Tout d’abord, Romuald Le Lan, David Bates, Perrine Bauer, Aude Bolleyn et Céline Clément se sont interrogés sur les conditions de travail et les relations avec le public dans les établissements de santé en 2003. Par rapport à l’ensemble de la population active, les actifs hospitaliers ont la particularité d’être particulièrement exposés au contact direct avec le public extérieur, ce qui est globalement associé à des conditions de travail plus soutenues. Ceux exerçant en service d’urgence et, davantage encore, en psychiatrie sont les plus exposés aux agressions du public. Les agressions subies s’accompagnent plus fréquemment d’un vécu au travail plus difficile. Une typologie du personnel en lien avec le public a permis de mettre en évidence deux profils qui confirment cette tendance : les « accumulateurs de charges » soumis à des charges physiques et mentales qui déclarent vivre davantage de situations pénibles avec les patients, et les « encadrés solidaires » qui confient plus s’entraider et subir moins de contraintes de rythme, tout en vivant davantage de moments positifs avec les patients.

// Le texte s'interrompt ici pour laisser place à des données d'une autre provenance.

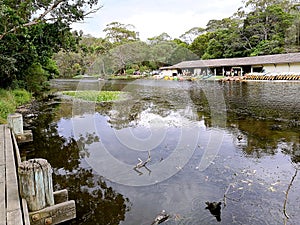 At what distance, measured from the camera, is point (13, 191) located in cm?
310

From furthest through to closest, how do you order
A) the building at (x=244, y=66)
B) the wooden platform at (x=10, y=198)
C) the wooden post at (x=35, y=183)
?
the building at (x=244, y=66)
the wooden post at (x=35, y=183)
the wooden platform at (x=10, y=198)

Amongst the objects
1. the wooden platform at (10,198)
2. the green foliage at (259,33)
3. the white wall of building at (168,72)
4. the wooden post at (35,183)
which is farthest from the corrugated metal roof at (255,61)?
the wooden post at (35,183)

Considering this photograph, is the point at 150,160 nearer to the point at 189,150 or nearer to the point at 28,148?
the point at 189,150

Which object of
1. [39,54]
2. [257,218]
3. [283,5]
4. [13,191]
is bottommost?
[257,218]

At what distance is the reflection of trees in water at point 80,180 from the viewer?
12.7ft

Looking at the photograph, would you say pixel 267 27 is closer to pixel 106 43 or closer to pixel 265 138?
pixel 106 43

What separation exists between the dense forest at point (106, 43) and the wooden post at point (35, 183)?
24.0 ft

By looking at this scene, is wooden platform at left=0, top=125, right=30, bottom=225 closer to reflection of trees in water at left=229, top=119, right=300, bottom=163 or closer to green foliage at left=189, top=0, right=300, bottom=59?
reflection of trees in water at left=229, top=119, right=300, bottom=163

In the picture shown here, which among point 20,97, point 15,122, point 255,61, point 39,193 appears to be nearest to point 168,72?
point 255,61

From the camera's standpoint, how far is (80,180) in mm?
4996

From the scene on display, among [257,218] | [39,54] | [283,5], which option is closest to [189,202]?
[257,218]

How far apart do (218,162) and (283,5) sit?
52.0 metres

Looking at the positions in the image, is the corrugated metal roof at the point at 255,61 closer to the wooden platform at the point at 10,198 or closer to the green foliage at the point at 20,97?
the green foliage at the point at 20,97

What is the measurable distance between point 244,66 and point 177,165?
33063 millimetres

Dans un second temps, Nicolas Jounin et Loup Wolff examinent les relations hiérarchiques en établissement de santé afin de dissocier différentes formes de pouvoir qui se tissent dans les établissements de santé, qu’ils soient publics ou privés. Une population de « chefs » très hétérogène a été identifiée, au sein de laquelle tous n’exercent pas des fonctions d’encadrement. Ces « chefs » ont été répartis en quatre classes : les gouvernants, notamment des médecins libéraux et des cadres de direction du privé, assument l’ensemble de ces ressources hiérarchiques ; les « surveillants », essentiellement des cadres de santé ou infirmiers, s’estiment surtout investis de responsabilités en matière d’horaires, d’organisation et d’évaluation du travail ; l’autorité des « experts », en majorité composée d’infirmières mais aussi de médecins salariés, s’appuie sur leur savoir-faire médical technique ; enfin, les « autres », pour lesquels les contours des responsabilités hiérarchiques restent flous.

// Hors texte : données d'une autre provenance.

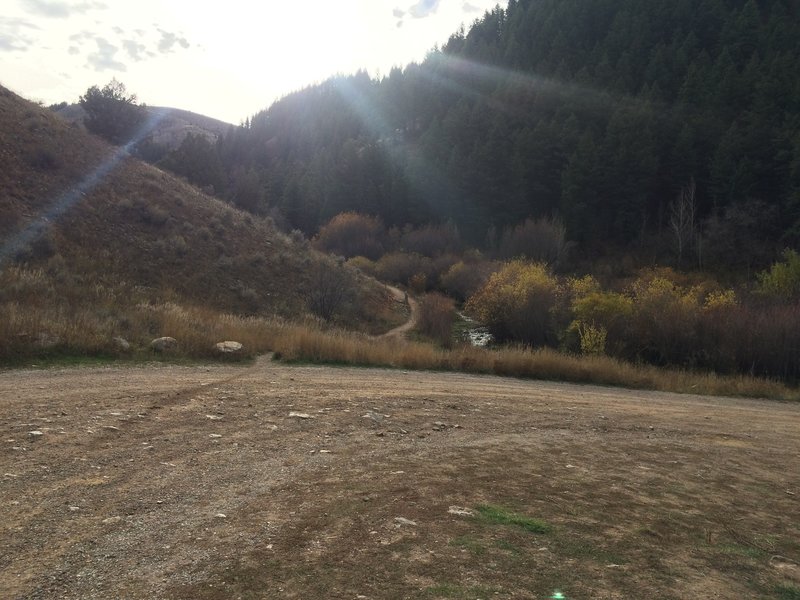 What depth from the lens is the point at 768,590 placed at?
3.99m

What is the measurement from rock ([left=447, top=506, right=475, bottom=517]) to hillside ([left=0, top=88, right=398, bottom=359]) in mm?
12608

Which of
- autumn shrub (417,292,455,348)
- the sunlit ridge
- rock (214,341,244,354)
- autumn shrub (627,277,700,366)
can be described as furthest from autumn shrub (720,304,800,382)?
the sunlit ridge

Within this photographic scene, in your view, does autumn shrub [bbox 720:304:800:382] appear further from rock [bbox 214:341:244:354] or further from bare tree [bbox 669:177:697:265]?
bare tree [bbox 669:177:697:265]

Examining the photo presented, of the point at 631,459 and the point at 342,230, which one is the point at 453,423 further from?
the point at 342,230

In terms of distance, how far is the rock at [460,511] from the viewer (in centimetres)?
479

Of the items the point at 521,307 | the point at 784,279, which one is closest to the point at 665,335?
the point at 521,307

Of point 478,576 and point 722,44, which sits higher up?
point 722,44

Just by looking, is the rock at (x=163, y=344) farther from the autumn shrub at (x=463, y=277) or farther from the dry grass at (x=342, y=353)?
the autumn shrub at (x=463, y=277)

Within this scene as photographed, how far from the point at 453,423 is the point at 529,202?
64324 millimetres

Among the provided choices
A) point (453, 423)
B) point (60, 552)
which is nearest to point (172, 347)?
point (453, 423)

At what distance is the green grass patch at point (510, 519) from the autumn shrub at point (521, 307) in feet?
62.9

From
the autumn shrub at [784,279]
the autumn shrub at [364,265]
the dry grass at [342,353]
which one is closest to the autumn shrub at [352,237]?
the autumn shrub at [364,265]

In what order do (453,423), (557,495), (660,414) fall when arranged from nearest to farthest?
(557,495) < (453,423) < (660,414)

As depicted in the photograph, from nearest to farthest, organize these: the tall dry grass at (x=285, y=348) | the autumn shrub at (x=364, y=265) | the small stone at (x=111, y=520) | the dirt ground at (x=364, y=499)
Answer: the dirt ground at (x=364, y=499)
the small stone at (x=111, y=520)
the tall dry grass at (x=285, y=348)
the autumn shrub at (x=364, y=265) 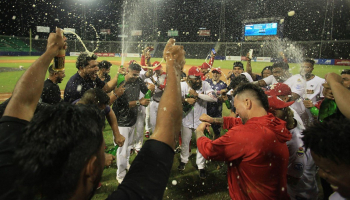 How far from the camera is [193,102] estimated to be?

Anne Vega s’attachera ensuite à décrire les perceptions du travail et le sentiment d’identité professionnelle chez les médecins salariés et libéraux. En médecine, la charge de travail varie selon les spécialisations, les types de clientèles soignées et les degrés de responsabilité engagée. À cet égard, la médecine hospitalière semble faire figure de modèle professionnel. En revanche, l’ensemble des médecins issus des spécialités les moins prestigieuses (urgentistes, gériatres hospitaliers) et les praticiens travaillant dans des régions peu médicalisées, partagent de nombreuses difficultés d’exercice avec les médecins généralistes. Cependant, tous les groupes de médecins témoignent de sentiments communs d’une perte de pouvoir, sous la double pression des pouvoirs publics et des usagers. D’où l’importance de maintenir au quotidien des réseaux d’entraide médicaux et des sous-spécialisations, qu’ils soient ou non formels.

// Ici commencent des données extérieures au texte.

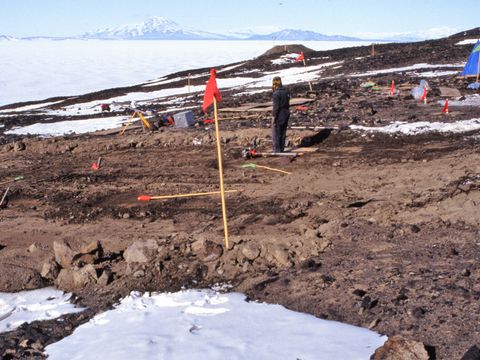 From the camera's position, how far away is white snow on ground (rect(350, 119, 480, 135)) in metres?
11.7

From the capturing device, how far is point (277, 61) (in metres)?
44.2

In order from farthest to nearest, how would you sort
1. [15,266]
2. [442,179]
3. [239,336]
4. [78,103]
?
1. [78,103]
2. [442,179]
3. [15,266]
4. [239,336]

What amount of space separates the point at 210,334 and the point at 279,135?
689 cm

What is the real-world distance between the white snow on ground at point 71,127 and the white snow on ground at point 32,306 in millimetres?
11649

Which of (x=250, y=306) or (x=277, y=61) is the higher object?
(x=277, y=61)

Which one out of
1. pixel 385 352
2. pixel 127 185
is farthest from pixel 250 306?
pixel 127 185

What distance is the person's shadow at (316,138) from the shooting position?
12.2m

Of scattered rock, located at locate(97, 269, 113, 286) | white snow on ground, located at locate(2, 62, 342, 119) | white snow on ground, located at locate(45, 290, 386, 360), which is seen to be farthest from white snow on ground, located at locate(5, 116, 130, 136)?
white snow on ground, located at locate(45, 290, 386, 360)

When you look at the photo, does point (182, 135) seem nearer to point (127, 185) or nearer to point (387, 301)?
point (127, 185)

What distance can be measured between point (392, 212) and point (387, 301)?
8.36ft

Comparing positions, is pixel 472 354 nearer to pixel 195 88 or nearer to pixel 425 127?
pixel 425 127

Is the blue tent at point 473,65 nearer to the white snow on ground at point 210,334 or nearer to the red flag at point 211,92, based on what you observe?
the red flag at point 211,92

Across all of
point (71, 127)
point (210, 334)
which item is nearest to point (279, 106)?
point (210, 334)

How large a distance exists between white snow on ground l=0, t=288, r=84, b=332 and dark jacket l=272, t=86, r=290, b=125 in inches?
232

Enfin, Alain Vilbrod et Florence Douguet examinent le cas des infirmières libérales qui entretiennent des relations régulières avec les multiples autres professionnels (libéraux ou salariés) qu’elles côtoient dans leur exercice quotidien. Avec les médecins généralistes, la communication est parfois difficile et elles sont souvent passées maître dans le fait de résister à leur domination, sans heurts et sans confrontations directes, pour parvenir à leurs fins. Leur bonne connaissance de la vie des patients et de leurs besoins représente un atout quand il y a divergence de vue. Avec les pharmaciens, on observe des jeux d’alliance et d’entente implicites assez surprenants. Avec les personnels en charge des soins et des aides à domicile, se dessinent des enjeux de défense de leur périmètre professionnel. Cela les amène tantôt à des collaborations effectives, tantôt à des relations tendues et marquées par la méfiance.